I'm almost finished, though there's still work to be done with the motherboard tray and backplate. I can't seem to find a single place that sells for example a Lian Li motherboard tray and backplate combination or anything similar. I also noticed that there's quite a bit of empty space in the case. That's not necessarily a bad thing as it will allow for bigger components, however it's not exactly cost-efficient . 


















Nevakonaza said:


> This is looking sweet man,i cant wait to see the final drawing of the design and even better the actual thing.
> 
> How much do you think this case build will cost?
> 
> And i have not read all the text in this post but what paint you intending to use?



I'm not exactly sure about the cost just yet. I'll check how much aluminum I'm gonna need and then contact the supplier, though I'm not gonna be able to do that until I'm sure I'm not going to be forced to change the design significantly.

The finish is going to be brushed aluminum with a couple of layers of clear coat so that fingerprints don't show.


----------



## bomberboysk

mrjack said:


> I'm almost finished, though there's still work to be done with the motherboard tray and backplate. I can't seem to find a single place that sells for example a Lian Li motherboard tray and backplate combination or anything similar..



http://www.mountainmods.com/mountain-mods-modular-removable-motherboard-tray-p-56.html


----------



## mrjack

I've got a design for the removable backplate. The PCI slots will probably have cover plates made out of hex mesh. The 80mm fan, if implemented, will have a 3-way switch to give me the possibility of running the fan at 12V, 7V or turning it off.






















The design phase is pretty much done. Next I'll calculate how much aluminum there is and get an estimate of what it'll run me.






Here's a short list of features:

• place for 12 hard drives in total
• 6 fans (5 x 140mm and 1 x 80mm)
• 3 x compartments
     - power supply
     - hard drives
     - majority of components and more hard drives
• stealth DVD-drive (brushed aluminum panel attached to the DVD-drive's sled)
• built out of aluminum
• drive racks are designed to stop vibrations
• rubber pads on case feet


----------



## bomberboysk

I like how you have included alot of honeycomb mesh into the design. Just a thought, maybe you should make something like a 200mm fan onto the top vs the 120mm?


----------



## mrjack

bomberboysk said:


> I like how you have included alot of honeycomb mesh into the design. Just a thought, maybe you should make something like a 200mm fan onto the top vs the 120mm?



I don't have any 120mm fans, I have 140mm fans and perhaps one 80mm fan (if I decide to implement it). I guess I could put in a 200mm fan on the top, I'd just have to change the design of the installation supports.

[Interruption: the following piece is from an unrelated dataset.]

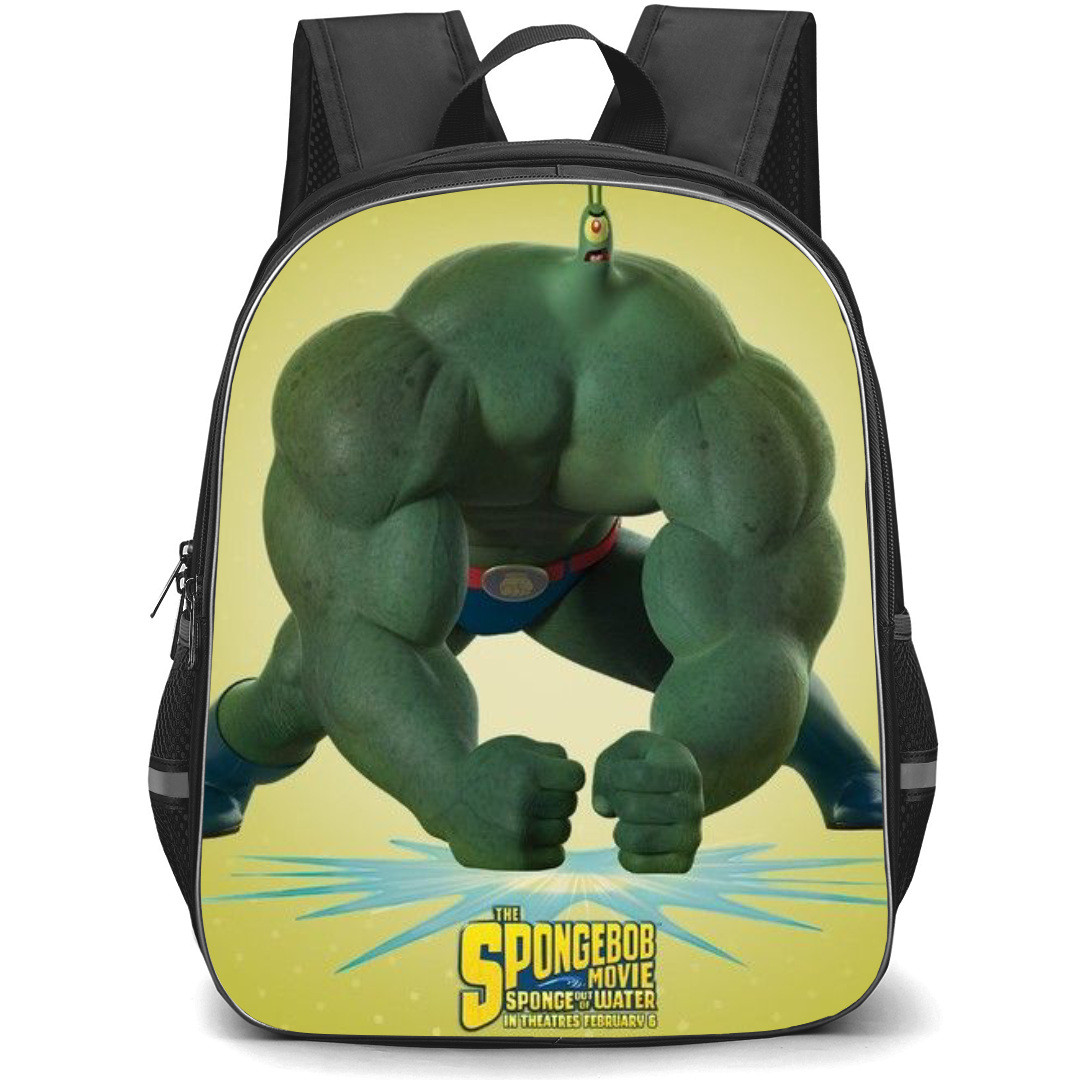 Plankton Backpack StudentPack - Super Buff Plankton Illustration Art Sticker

EDIT: Just checked if I could put a 200mm fan in. I'd have to modify the case quite a bit. Either I have to make the case wider or change the bars supporting the motherboard tray. The largest fan I can fit in the support structure designed to hold a fan, without modification, is a 180mm fan.


----------



## bomberboysk

mrjack said:


> I don't have any 120mm fans, I have 140mm fans and perhaps one 80mm fan (if I decide to implement it). I guess I could put in a 200mm fan on the top, I'd just have to change the design of the installation supports.
> 
> EDIT: Just checked if I could put a 200mm fan in. I'd have to modify the case quite a bit. Either I have to make the case wider or change the bars supporting the motherboard tray. The largest fan I can fit in the support structure designed to hold a fan, without modification, is a 180mm fan.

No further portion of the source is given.